[ACTIVITY]: Please repeat exactly the lines from the one containing "hueva ciervo comiendo" through the last line of the records below, leaving out any pictures.

[EXTRACTED ENTRIES]:
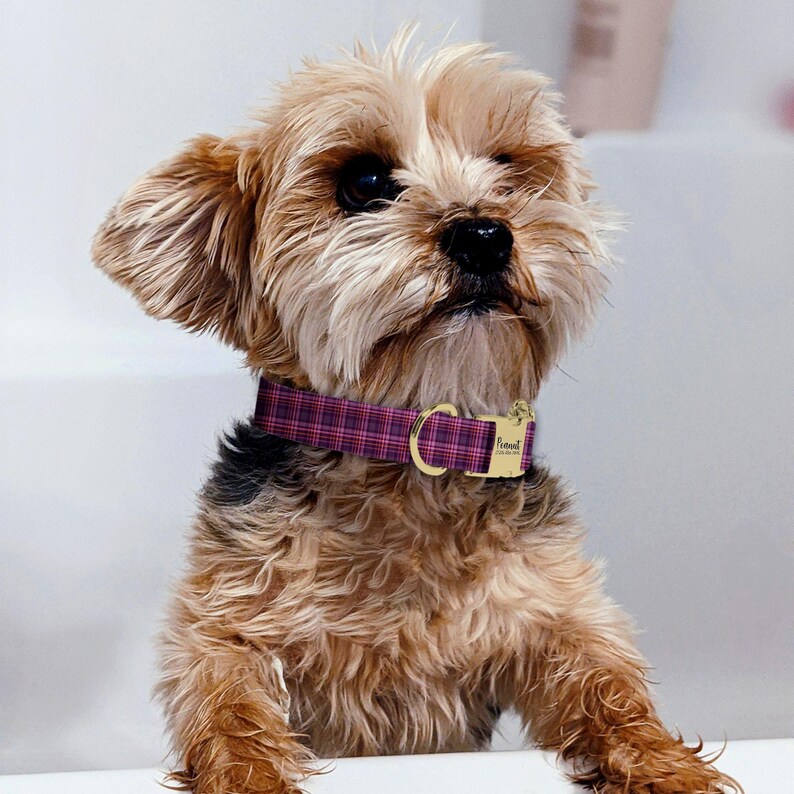 A small, fluffy dog with a pink collar and a gold tag is sitting on a white surface, looking up at the camera.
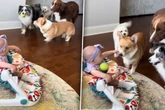 Hunde wollen Bällchen mit Baby spielen: Was dann passiert, verzückt so viele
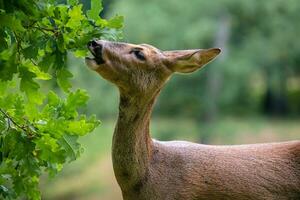 hueva ciervo comiendo bellotas desde el árbol, capreolus capreolus. salvaje hueva ciervo en naturaleza. foto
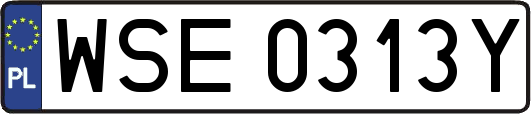 WSE0313Y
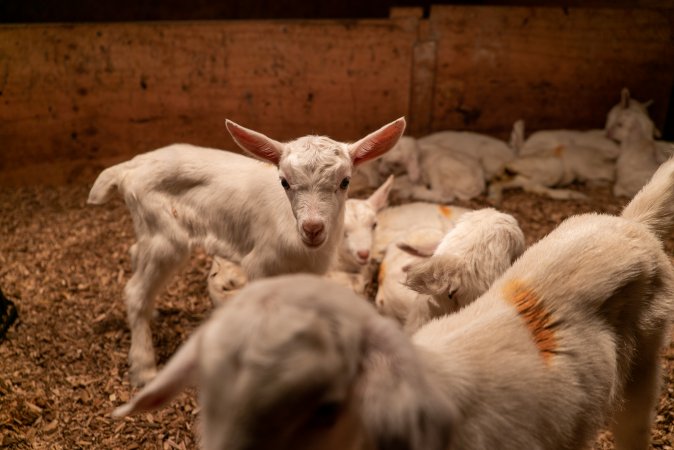 Female goat kids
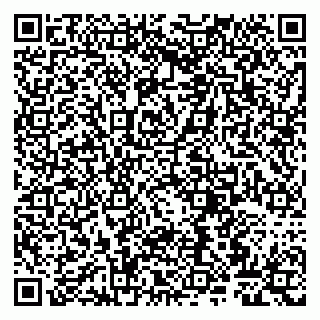 vCard 79807267931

[COMPLETED TASK]:
 hueva ciervo comiendo bellotas desde el árbol, capreolus capreolus. salvaje hueva ciervo en naturaleza. foto
 WSE0313Y
 Female goat kids
 vCard 79807267931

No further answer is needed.